2) The piano writing is very good overall. I think the octave texture recurs too often at times. I wish I could specify exact measure but I will say this occurs more in the first half (say before 165). There is one spot where I wonder if the pianist will be heard over the orchestra -- msr 174 -175. Piano didn't come through well in the sound file.

3) I also thought the orchestration was excellent with one quibble that it got a little thick for my tastes --- I noticed pedal points and drones for underpinning appeared quite often throughout which at times (esp before msr 163) would have benefited from a more shifting bassline or even phased in more gently. Granted after 163 you have this often but the articulation of the piano and uppervoices is often detache along with the light timbre and tessitura this works very well and gives it necessary support. Part of this could just be the sound file as so much detail is revealed that the piece sounded cluttered at times. I would love to hear a live performance as the balance. With live musicians and a good conductor and pianist this would not be a problem. Of course this is expensive, unless you can get a school or great local orchestra to do this.

So, in sum about the 1st part, mostly small isues with the stylistic melange being something that doesn't seem to work as well for my tastes.

Have you written another piano concerto? If not I hope you do soon. Would like to hear where you are stylistically as this piece sounds as if you were at a crossroad (more than just depictin ghte search for consonance as you wrote in an earlier entry) in your work about your stylistic direction and what wells you wished to draw from at that time.

QC -

Ok, Part 2 -

Excellent work and far more consistent and the balance is much stronger than Part 1. My only complaint -- too, too short and it sounds like it was the start and end of a new extremely promising piano concerto. If you could take some of the development procedure you did from 1 - 165 and employ them with the thematic material (or combine with the section from Part 1) you'd have a great concerto. Granted the style may be a bit conservative but the structure would be fantastic and a very convincing work.
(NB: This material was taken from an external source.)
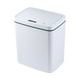 thumbnail image 1 of Sywqhk Cubo de basura de inducción inteligente Cubo de basura automático Cubo de basura eléctrico (Blanco) Sywqhk Para estrenar, 1 of 9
As for the pseudo minimalistic ostinato figure from Part 2, it could be employed but as one element of several others. Just had an odd thought, why not do a Steve Reich like experiment where you take the opening piano theme from Part 1 (msr 1-3, I think) create an ostinato over the one in the 2nd section of Part 1 using phasing as well as more traditional variation techniques to develop the material. or (another possibly source of material the string fugato/canon that starts oin Part 1 -- cannot recall the measure number.

This work is officially 20 years old this year, so I won't be revisiting it yet another time. Thanks for the comments, however.

Agreed on leaving the piece alone. And I didn't realize it was 20 years old -- I thought it was 8 years old. Misread the posts.

Still, there is a great source of material to pull from for new works.

Hehe, no it was composed 20 years ago, but reworked more recently. Mostly orchestration.

I doubt I would revisit any of the material in the concerto. It uses tone rows more heavily than I would in any of my more recent compositions. Also, my harmonic language has evolved considerably since then.

Well, do keep us apprised when you have a new concerto. By the way, look forward to hearing your liturgical piece you are working on (for Christmas I believe) when you have a recording. That must be a fun project!

Well, do keep us apprised when you have a new concerto. By the way, look forward to hearing your liturgical piece you are working on (for Christmas I believe) when you have a recording. That must be a fun project!

hehehhe, yeah. I can hardly wait as well.. sadly, I will not be able to post a recording. It's a professional ensemble, and as such, union rules forbid any re-diffusion of the recording. :(

I MIGHT be allowed to post excerpts. I presume I'll know once it's done.